Guernsey Press

Runway debate is not about Aurigny

THANKS to a Scrutiny Management hearing last month, we know that Economic Development is very likely to recommend that this States extends Guernsey’s runway. If so, it is equally likely that will trigger the usual ‘over my dead body’ response from the traditional quarters.

Published

In other words, Economic Development needs not only to make a compelling business case in favour of the work, it also has to consider how best to sell its proposal to a pretty sceptical island.

For those with expert knowledge of the situation, including independent consultants Frontier Economics, the case to extend is overwhelming. The tragedy here is that the enhancement wasn’t carried out 10 years ago when Lagan Construction was improving the runway surface.

Today’s difficulty is that any decision will, by definition, be taken by non-experts (irrespective of the knowledge feeding the committee’s proposals) so a key economic enabler for the island's future is hostage to emotion and misinformation.

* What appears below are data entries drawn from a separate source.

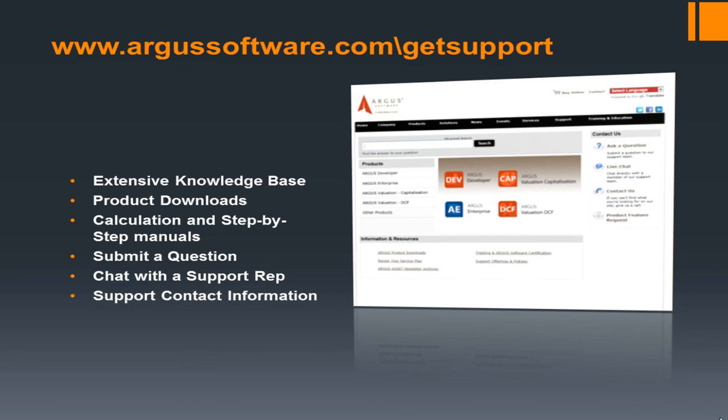Also, please check out our extensive knowledge base for other helpful hints and tips regarding Argus Enterprise and our other software programs. We look forward to hearing from you.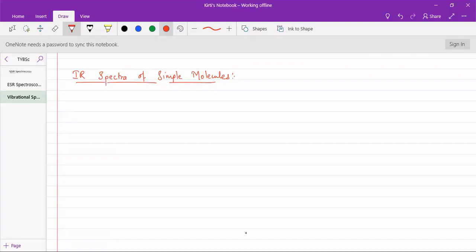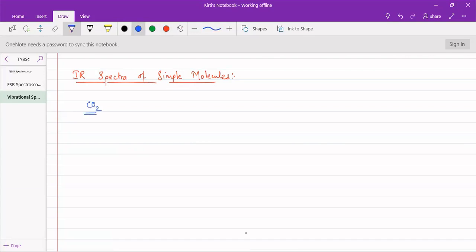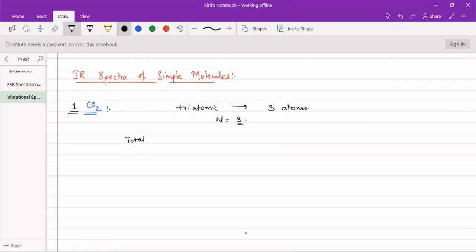In this topic of IR spectra of simple molecules, we will deal with two different molecules: carbon dioxide and water molecule. Let us first start with the carbon dioxide molecule. This carbon dioxide molecule is a triatomic molecule, so it has three atoms associated with it — one carbon and two oxygen atoms. So our number of atoms n will be equal to three. Total degrees of freedom will be equal to 3n, that is three into three, giving nine degrees of freedom for this molecule.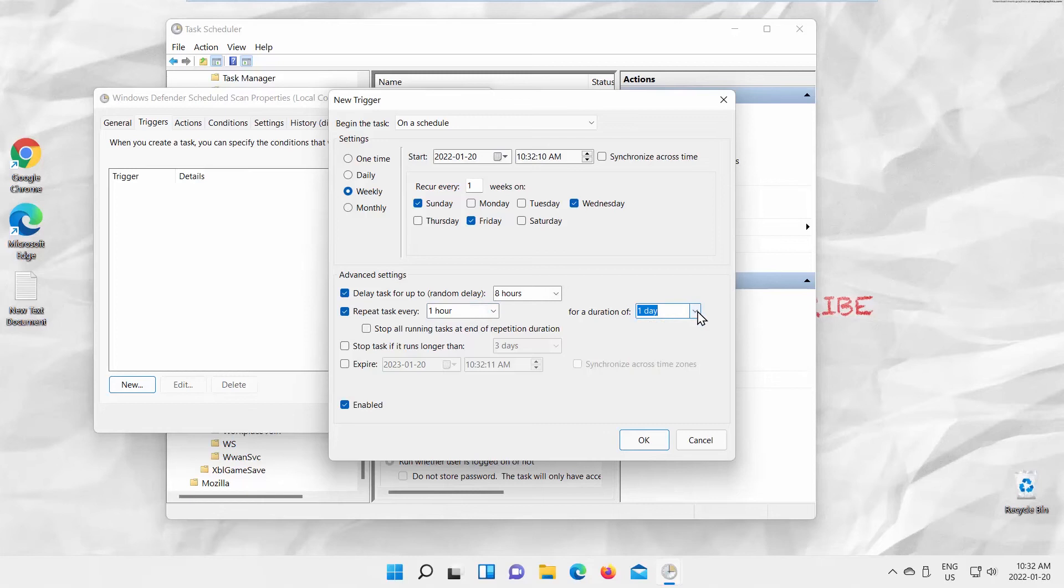Check Stop Task if it runs longer than option to stop the task if it runs longer than the period you set. Check Expiry to set up expiry date for the task.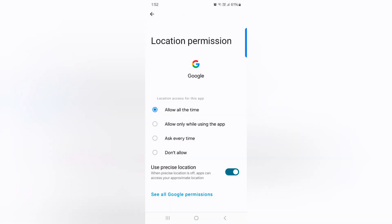You can also enable or disable use precise location for a specific app on your device to access your approximate location.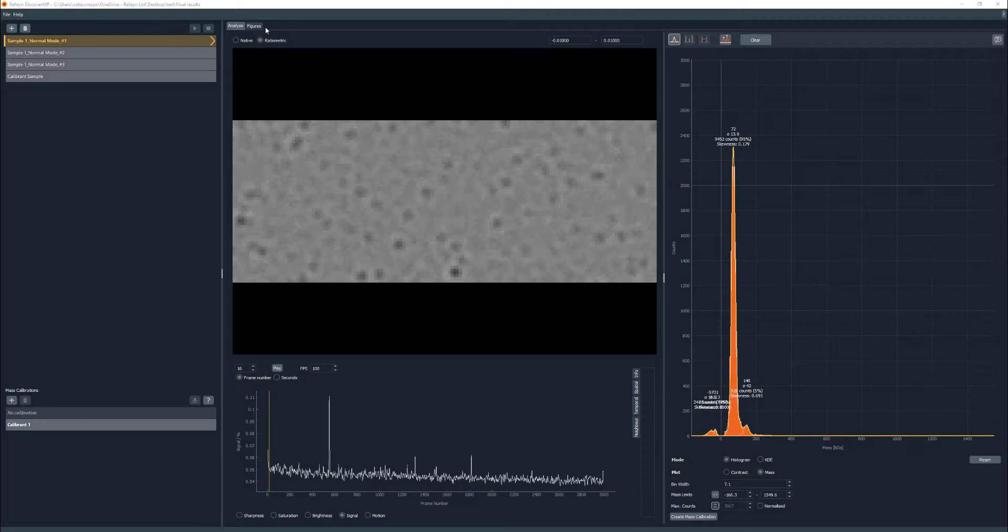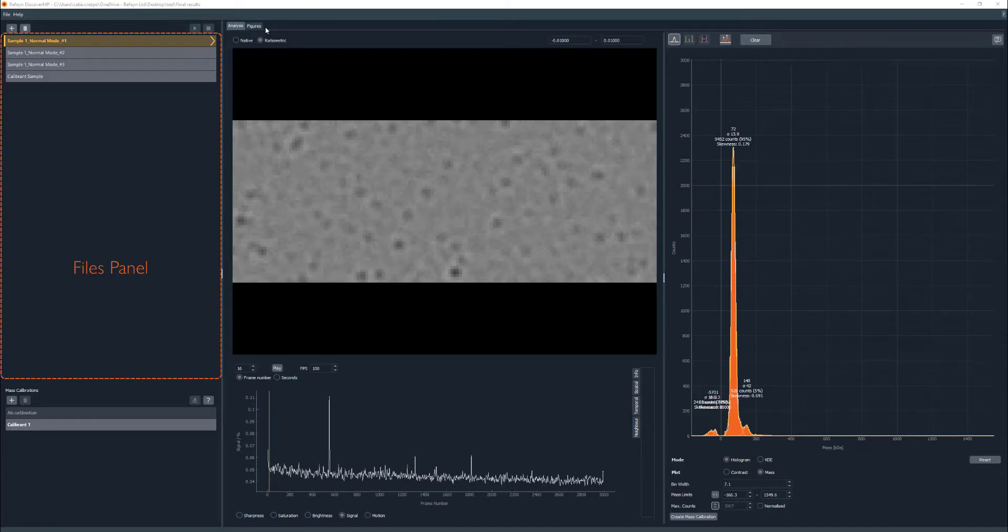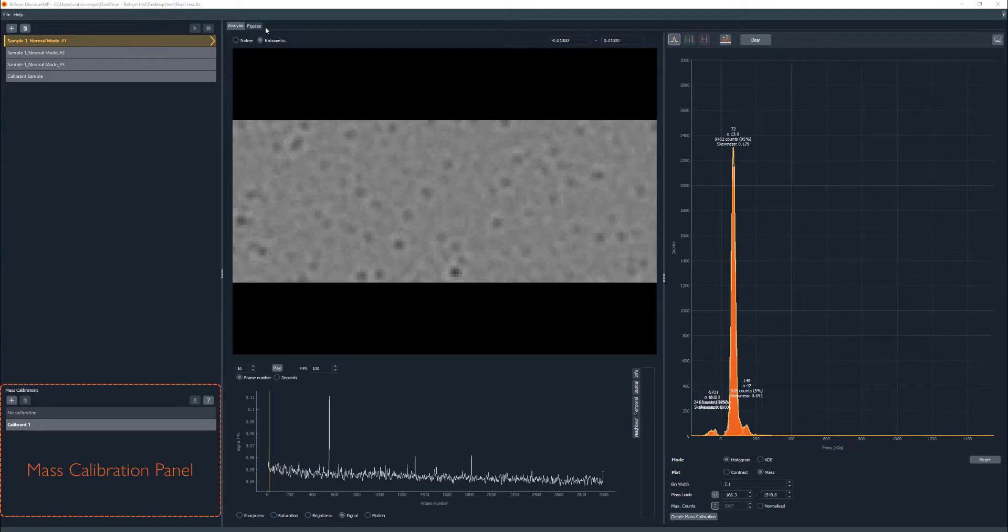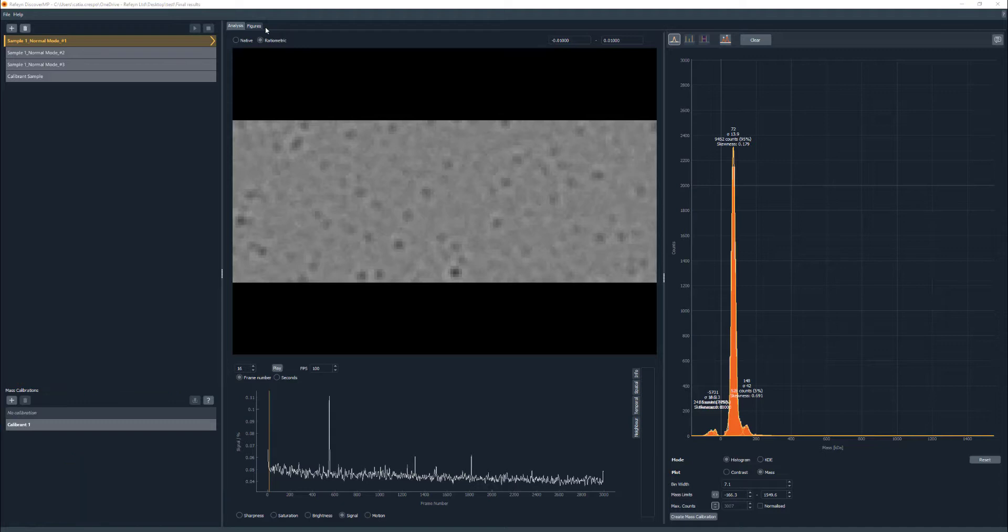After loading files into Discover MP, different panels are available. On the left, there's the files panel which displays all the different measurements available on the workspace. On the bottom left, there is a mass calibration panel which enables the management of the different mass calibration files.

Central here is Aurigny. A longer runway means enhanced operational safety and better weather resilience, but opponents will present it as a death sentence for Guernsey’s ‘national’ carrier. Nonsense, but the critics prefer emotion to fact.

No matter the affection Aurigny, rightly, is held in, it is inherently inefficient and expensive. As a small airline, its management costs are disproportionately high, and its fragmented fleet costly to maintain and operate – it’s partly why it was making significant losses even before Covid.

Regarded dispassionately, Guernsey needs the lowest fares possible, lifeline links to London, network resilience and the marketing clout of a major carrier to promote the island. Add a runway fit for the world’s most popular passenger jet to use fully laden and Aurigny could continue to hold the Gatwick slots but outsource operations to others.

It was an option acknowledged by the previous Policy Council but never pursued, an oversight given Aurigny CEO’s recent observation that he'd not seen a small airline with so many aircraft types.

When it happens, debate on a proper runway needs to be well-informed and with decision-makers focused on what the island needs – not on their own preconceptions.